Rien, alors rien ne semble arrêter le ministre des Postes, télécommunications et Nouvelles technologies de l’Information et de la communication, Emery Okundji, dans son macabre projet visant à saigner à blanc le Trésor public. Le 17 mai 2018, le tout puissant ministre ne s’est pas empêché de publier sur son compte Twitter l’audience qu’il accordé aux représentants de la controversée AGI, l’entreprise à qui il a offert un juteux contrat d’au moins USD 30 millions de revenu chaque mois. « J’ai accordé dans mon cabinet de travail, une audience aux responsables de l’entreprise AGI TELECOM. L’objet de la rencontre était sur la matérialisation de la mise en place d’un mécanisme de contrôle des flux téléphoniques des réseaux des opérateurs des télécommunications en RDC », a publié Emery OKundji Ndjovu sur son compte Twitter le 17 mai 2018 à 3h8’.

Alors que plusieurs voix s’élèvent pour dénoncer à la fois la forme et le fond du contrat signé avec AGI, Emery Okundji s’en fout. Le ministre est déterminé à appliquer ce contrat signé en toute irrégularité et illégalité. Il maintiendrait même une pression terrible sur les opérateurs télécoms afin de les pousser à coopérer avec AGI, alors que ces derniers subissent une mission de contrôle en cours par un autre opérateur sous contrat avec l’Etat. Un désordre, une mafia… savamment bien entretenus par le patron du secteur lui-même.
Premièrement, Okundji a sapé son collègue des Finances, engageant ainsi tout seul la République devant ses copains d’Africa general investment -AGI, ce qui viole les textes légaux fixant modalités de fonctionnement et de collaboration entre les membres du Gouvernement. Deuxièmement, le ministre aux PT-NTIC a signé un contrat portant sur le contrôle des flux des opérateurs télécoms alors qu’il existe déjà un autre opérateur exerçant aux mêmes fins sur le même marché et dont le contrat avec la République court encore… Troisièmement, Okundji s’est permis, tout seul, encore une fois, à rémunérer AGI sur chaque minute d’appel, chaque sms et trafique data, au lieu de le rémunérer comme aviseur afin de booster les recettes du Trésor public. Selon l’annexe au projet, AGI gagne 1.15 cents sur chaque minute d’appel et 1 cent sur chaque sms. Aussi, il devrait gagner les 5% du volume de trafic data de tous les opérateurs.
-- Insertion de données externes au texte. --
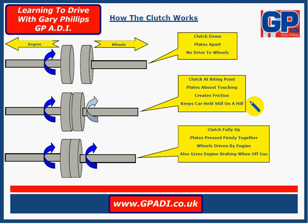Getting that biting point perfect is quite a skill, but it's very important to be able to do that. At this point the plates aren't really touching — they're almost touching — and it's just creating friction between the two to hold the car steady.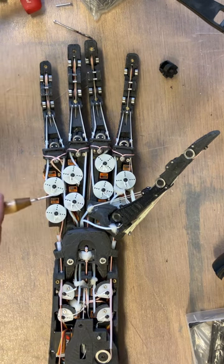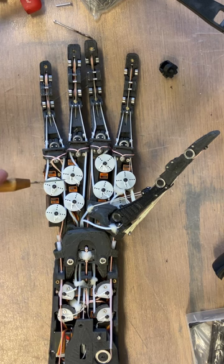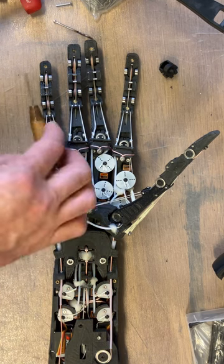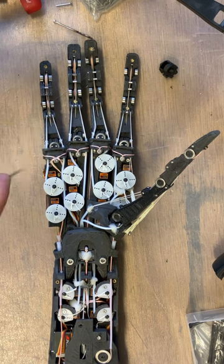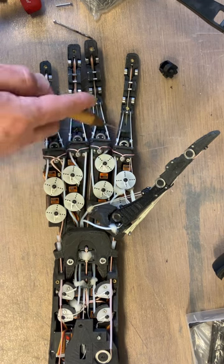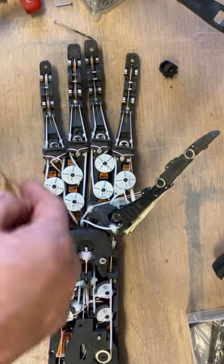These eight are arranged in pairs. Each pair on a palm section corresponds to a finger and drives the yaw — which is sideways — and the pitch, which is up and down, or flexion and extension, of the finger just at the knuckle joint. So these pairs each drive one axis, and that makes for nice fast action.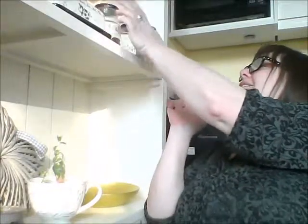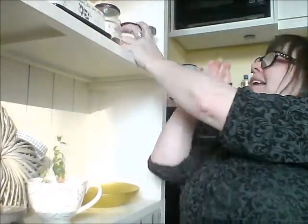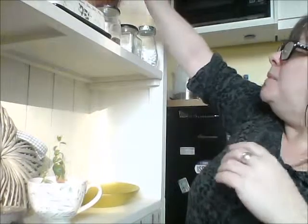I have jam jars, the cat's treats, vitamins that I take, and I actually have a nice big jar here which I keep my coffee in. So it's a very functional unit, but I like to make things a little bit pretty.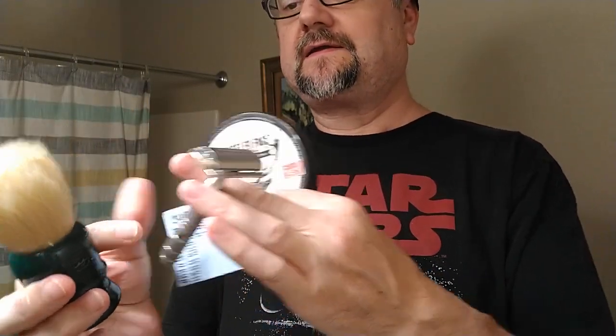It's a stainless steel 68 gap open comb. And for the brush, as always this month, the B35 from Zenith, a large chubby-type loft boar brush. And you can see it's so wet it's dripping, and that's because I just have had it soaking, and it holds a lot of water.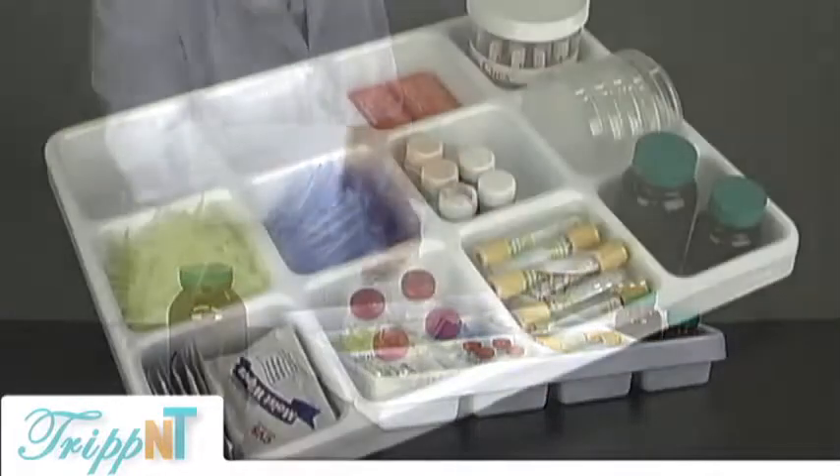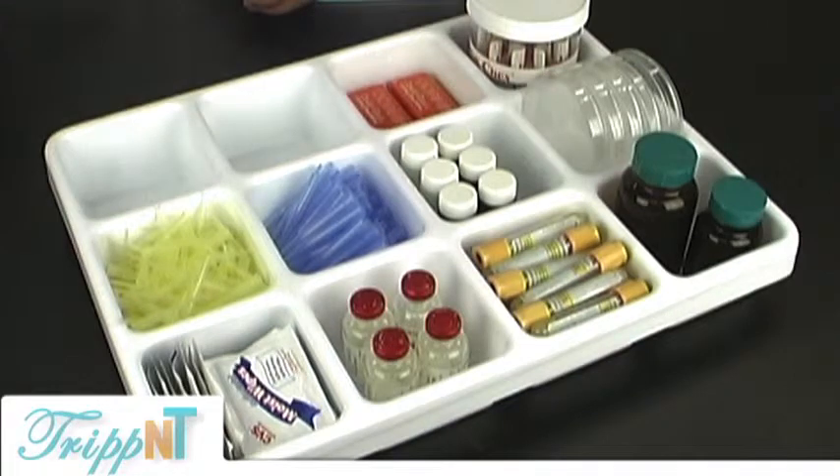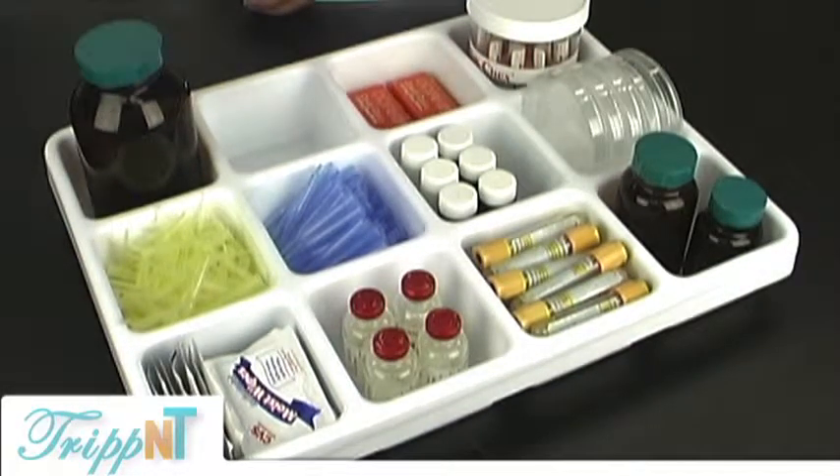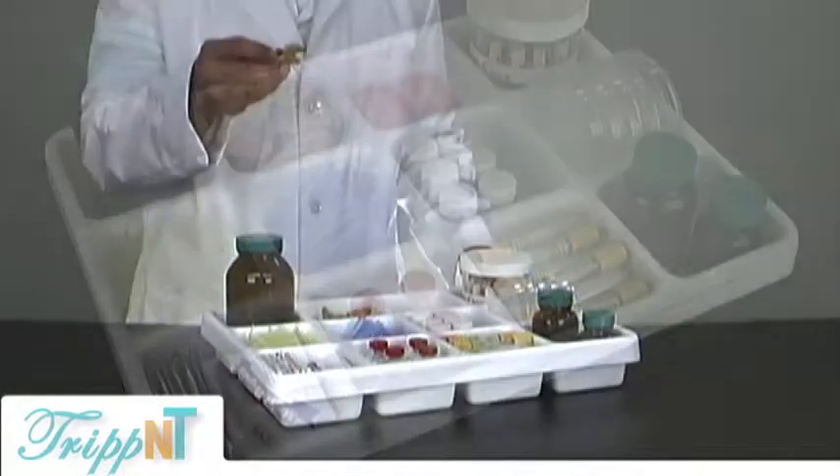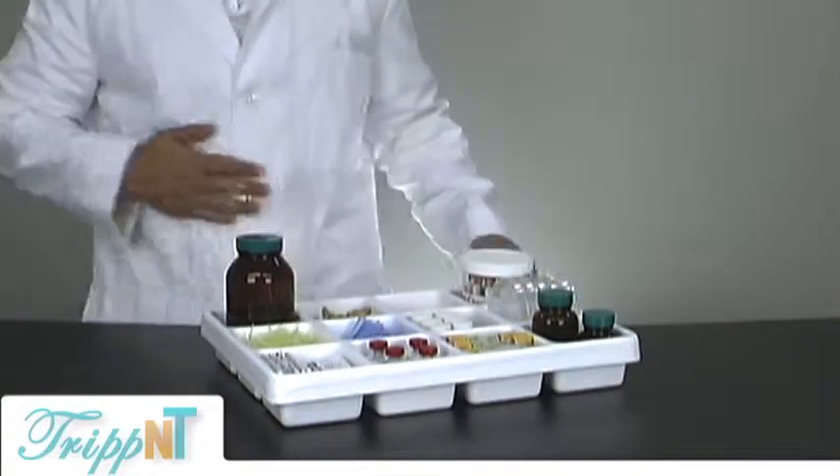You can see here that Neil is just adding a variety of products to the 12-compartment tray — there's a lot of flexibility you can see in the stopper tray.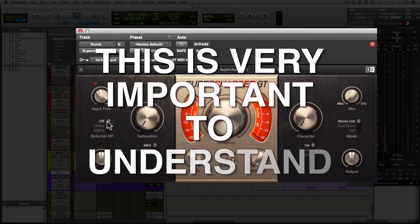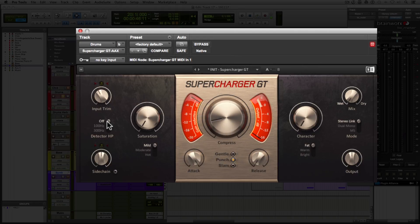Now, this doesn't mean that you're removing those frequencies out of the signal that's coming out of the compressor, because as you can hear, when I was switching through those filters, we could still hear the sub. It's just telling the compressor how it should react to the signal.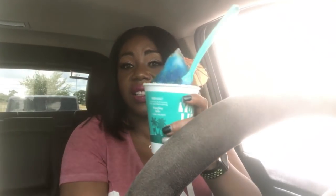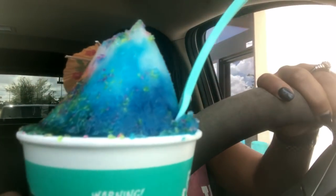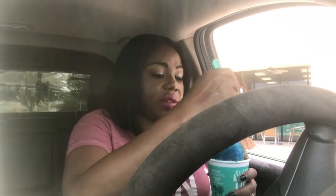I got me a Bahama Mama from Bahama Bucks. Oh, this is fine — look at this, this is life. This is so much life on top of life. Yes, I live for these things. They are so, so good. Oh, it's beautiful. I have to get one of these every day, summertime.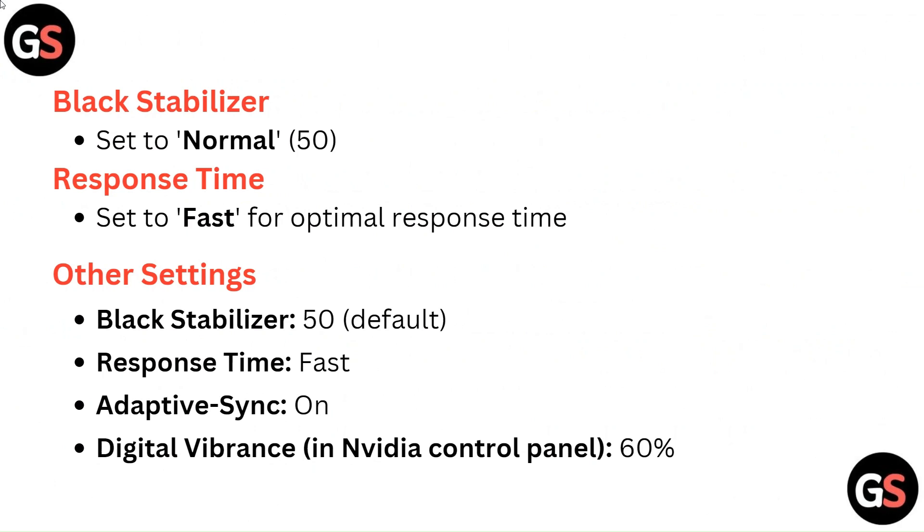Black Stabilizer: Set to normal 50. Response Time: Set to Fast for optimal response time.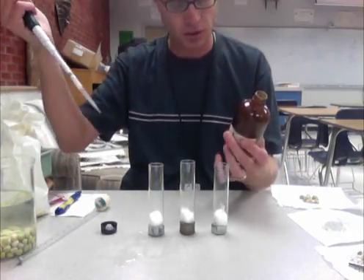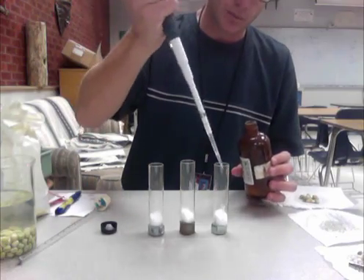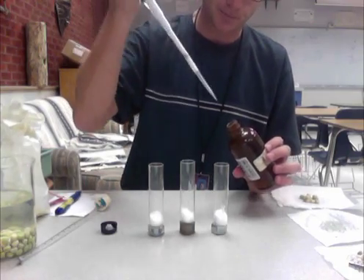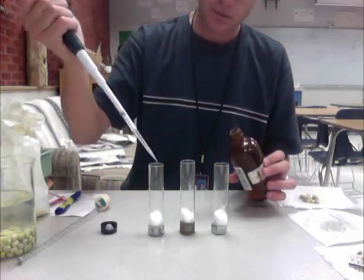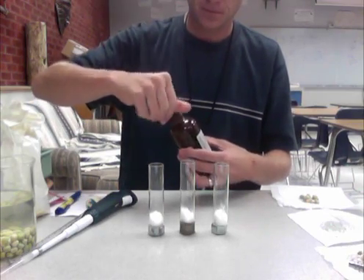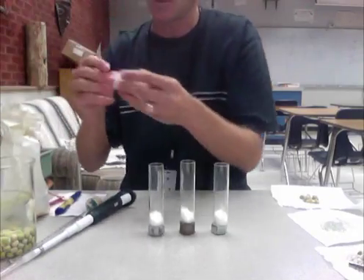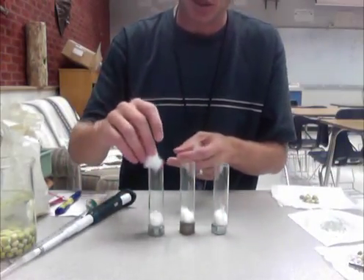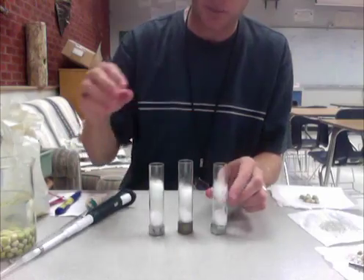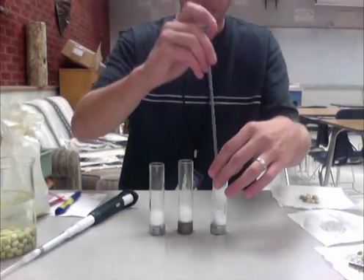Next, we're going to add potassium hydroxide to the bottom. Potassium hydroxide grabs onto carbon dioxide and turns it into a solid. This stuff is really nasty — it's a poison — so be careful not to get it in your eyes or hands. I'm going to take 500 microliters and put it in the absorbent cotton at the bottom, then seal it back up. On top of that, we'll add non-absorbent cotton made of polyester, putting about the same amount in each vial and pushing it down so the potassium hydroxide can't reach the peas.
Ainsi, tout calcul fait, selon les données statistiques des flux des opérateurs publiées par l’Autorité de régulation des postes et télécommunications du Congo -ARPTC-, AGI va se taper chaque mois, au moins USD 30 millions. Sans fournir aucun effort. Selon le contrat signé, l’ARPTC doit augmenter les prix des appels et de sms. Le surplus aux prix actuels constituent le bénéfice ou la rémunération d’AGI. Le simple fait que cet opérateur récoltera les CDRs auprès des entreprises télécoms lui vaut USD 30 millions chaque mois alors que le trésor public peine à réunir USD 2.5 millions sur les déclarations bimensuelles de chiffre d’Affaire.
Jadis deuxième secteur pourvoyeur des recettes non fiscales à l’Etat, le secteur des télécoms, aujourd’hui l’ombre de lui-même par faute d’un leadership compétent, risque avec ce contrat, devenir le premier secteur d’enrichissement illicite et gratuit d’un opérateur qui n’existe nulle part au monde mais dont on vante les mérites dans le domaine de la lutte contre la fraude dans les télécoms.
Les plaintes du ministre des Finances qui a été totalement zappé dans cette entreprise mafieuse n’ont trouvé aucun écho. Son collègue aux PT-NTIC, motivé par son gain personnel, est plus que jamais déterminé à réussir un passage en force avec l’appui de certaines forces du mal. Sous d’autres cieux, pareil acte d’un ministre vaut licenciement sans préavis. Mais en RD-Congo, tout le monde regarde et personne ne dit mot. Une fois de plus, c’est le simple citoyen qui paie la facture. Avec un pouvoir d’achat déjà faible et décrié, le congolais moyen est hélas, une fois de plus, forcé de contribuer de force à enrichir des sujets étrangers cachés derrière une mafia…avec la complicité des certains RD-congolais.